===== Provided data

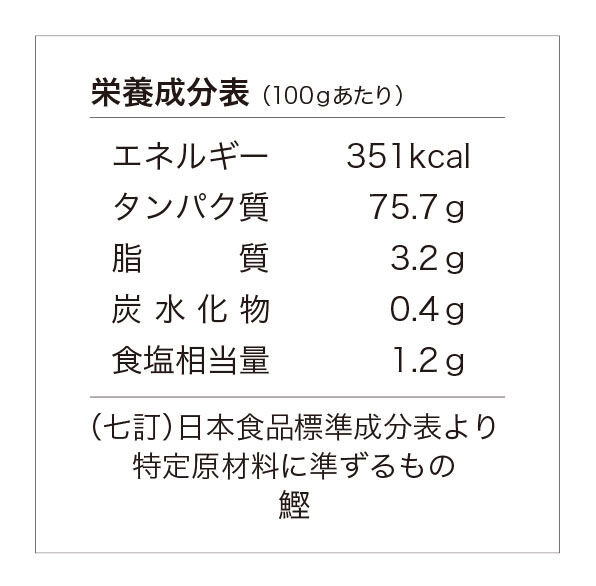 3l20__　送料分として やまろく］鰹節削り節53g×3袋 | 大原漁港 港の朝市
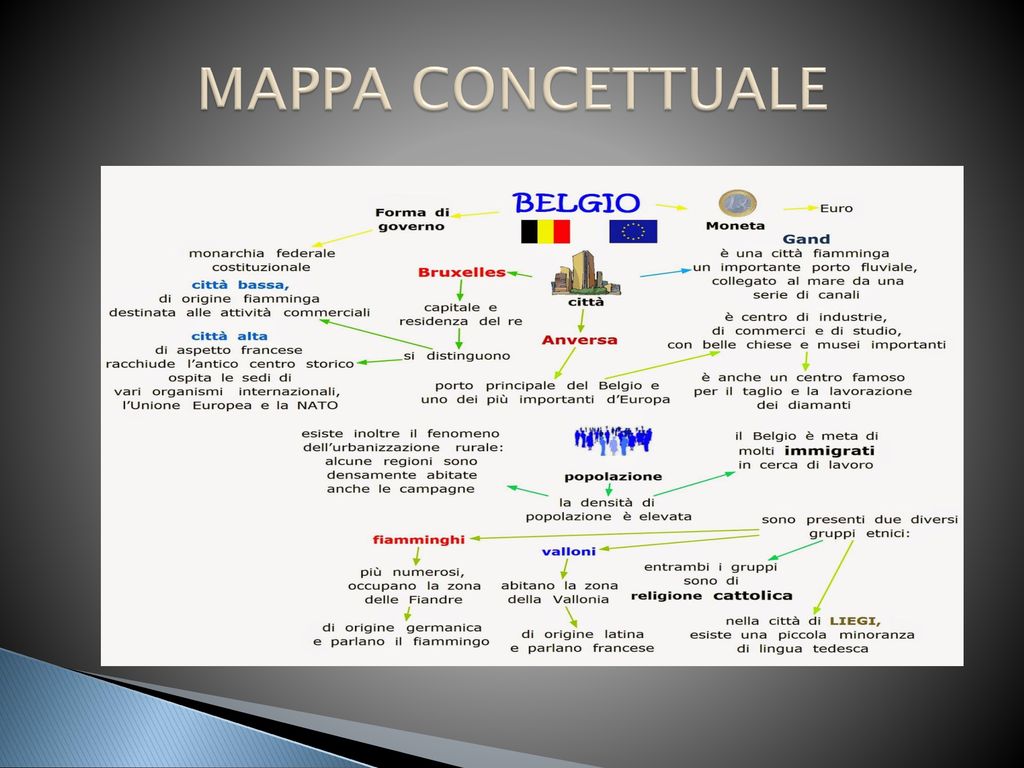 Crisci Michele Tangredi Giuseppe Vaduva Cristian Ppt Scaricare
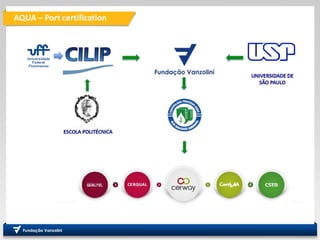 AQUA – Port certification
A
 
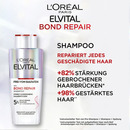 Bild 3 von L’Oréal Paris Elvital Bond Repair Shampoo
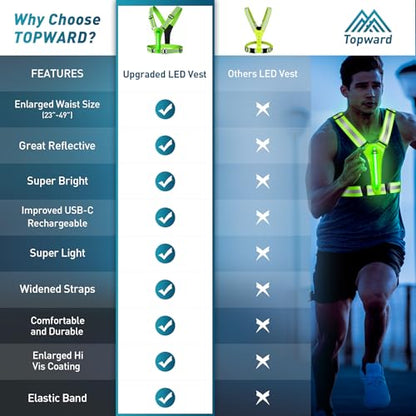 LED Reflective Vest Safety Gear, Light Up Vest for Night Walking Cycling, High Visibility Running Vest with Reflective Strips - color: Green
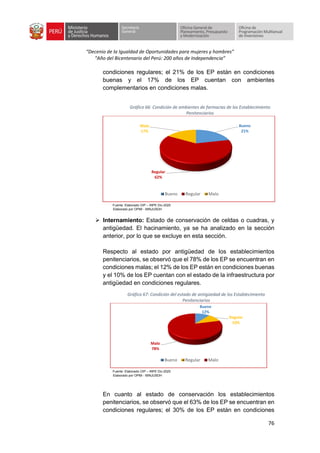 “Decenio de la Igualdad de Oportunidades para mujeres y hombres”
“Año del Bicentenario del Perú: 200 años de Independencia”
76
condiciones regulares; el 21% de los EP están en condiciones
buenas y el 17% de los EP cuentan con ambientes
complementarios en condiciones malas.
Gráfico 66: Condición de ambientes de farmacias de los Establecimiento
Penitenciarios
Fuente: Elaborado OIP – INPE Dic-2020
Elaborado por OPMI - MINJUSDH
➢ Internamiento: Estado de conservación de celdas o cuadras, y
antigüedad. El hacinamiento, ya se ha analizado en la sección
anterior, por lo que se excluye en esta sección.
Respecto al estado por antigüedad de los establecimientos
penitenciarios, se observó que el 78% de los EP se encuentran en
condiciones malas; el 12% de los EP están en condiciones buenas
y el 10% de los EP cuentan con el estado de la infraestructura por
antigüedad en condiciones regulares.
Gráfico 67: Condición del estado de antigüedad de los Establecimiento
Penitenciarios
Fuente: Elaborado OIP – INPE Dic-2020
Elaborado por OPMI - MINJUSDH
En cuanto al estado de conservación los establecimientos
penitenciarios, se observó que el 63% de los EP se encuentran en
condiciones regulares; el 30% de los EP están en condiciones
Bueno
21%
Regular
62%
Malo
17%
Bueno Regular Malo
Bueno
12%
Regular
10%
Malo
78%
Bueno Regular Malo
 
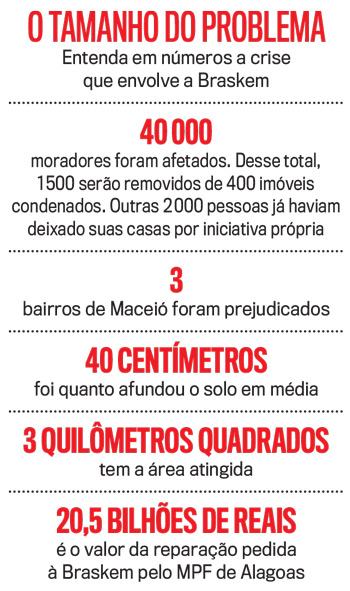 arte-buraco arte-buraco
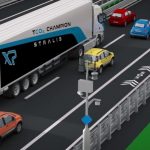 Smart Road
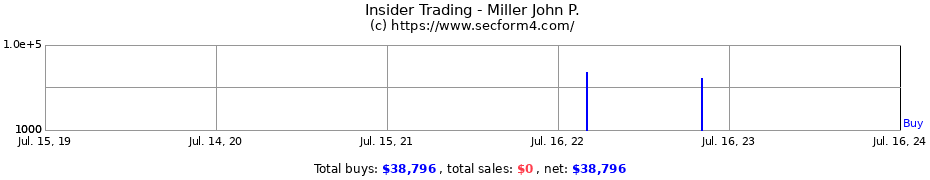 Insider Trading Transactions for Miller John P.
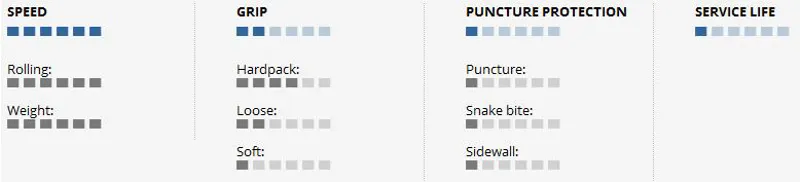 Schwalbe Furious Fred 26 x 2.25 Evo Folding TL Ready PaceStar Black--1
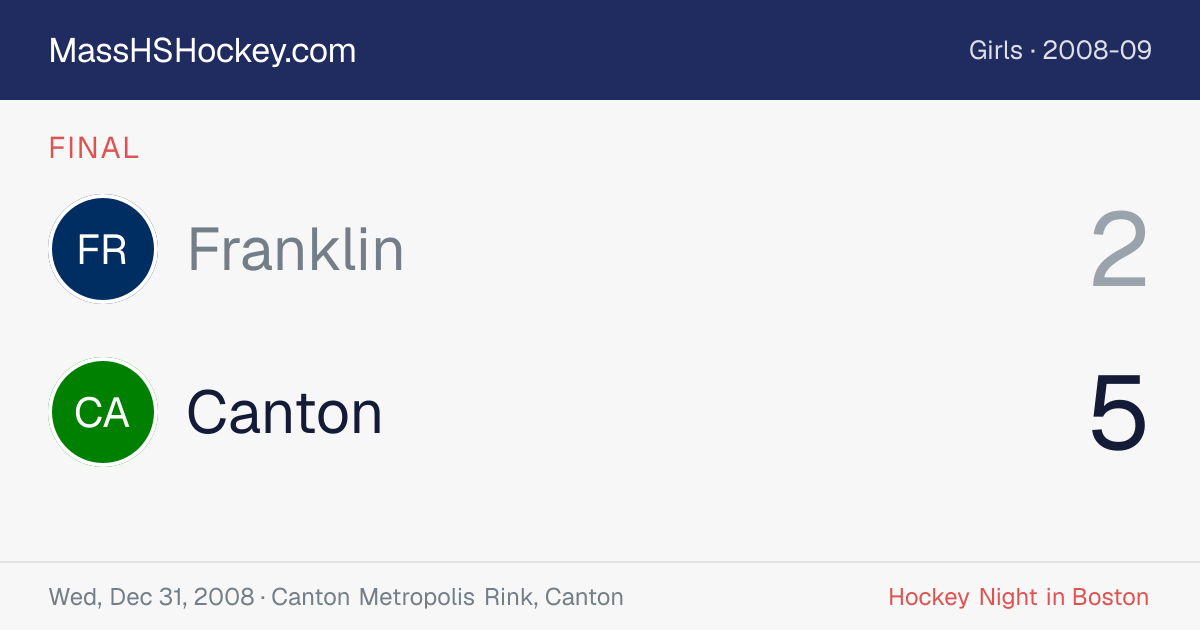 Franklin at Canton score card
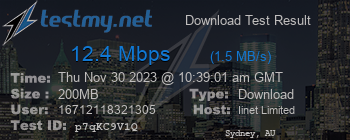 Speed Test Result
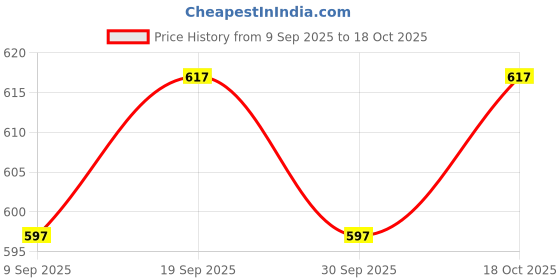 flipkart.com ewedoos Women Viscose Rayon Kurta Pant Dupatta Set ewedoos Price History Graph from 9 Sep 2025 to 18 Oct 2025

==========

Task description: Above are the records; report each line in them that includes the word "ambientes".

Exercise result:
buenas y el 17% de los EP cuentan con ambientes
Gráfico 66: Condición de ambientes de farmacias de los Establecimiento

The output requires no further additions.